Several students, shopkeepers and teachers interviewed Aug 6 said security was tight on the first day of exams, which continue Aug 7 and 8.

“I brought documents from home, but I left them outside the school,” 18-year-old Phal Pisey said outside of Chaktomuk Junior High School, where she said security was strict.

She still had managed to buy answers to the test for $2.50 outside the school, but they turned out to be bogus, she said.

The owner of a copy and printing shop near Bac Tuok Primary School said on condition of anonymity that his shop was ordered to close after students clustered inside to photocopy test answers.

Ke Nay Leang, education general director at the Ministry of Education, said that he had received no report of irregularities inside or outside ex­amination centers.

But despite the crackdown on cheating ordered by the ministry—coming with sanctions such as students being held back a year and teachers banned from proctoring—some students said cheating was business as usual.

Thy Long, 19, said he paid his proc­tor $1.25 at Santhormok High School to turn a blind eye to cheating. “There is still cheating and corruption during the exams,” he said.

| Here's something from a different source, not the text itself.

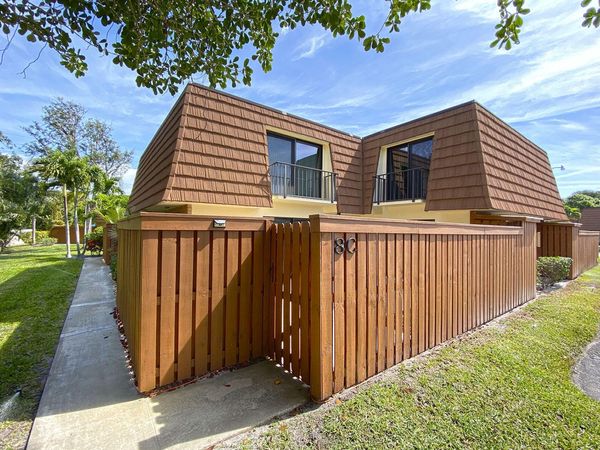 3900 SE County Line Road, Unit 8C, Jupiter, FL 33469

And Lim Rithy, who was about to take a test at Bac Tuok Primary School, said he had cheat sheets con­cealed all over his body. “I string documents everywhere on my body to make sure that teachers cannot find them,” he said. “I am not comfortable to carry them [openly] but my body is heavy with them.”

Lim Rithy said the culture of cheating was hard to avoid.

“Everybody will cheat,” he said. “How can I be honest? I just follow what others do.”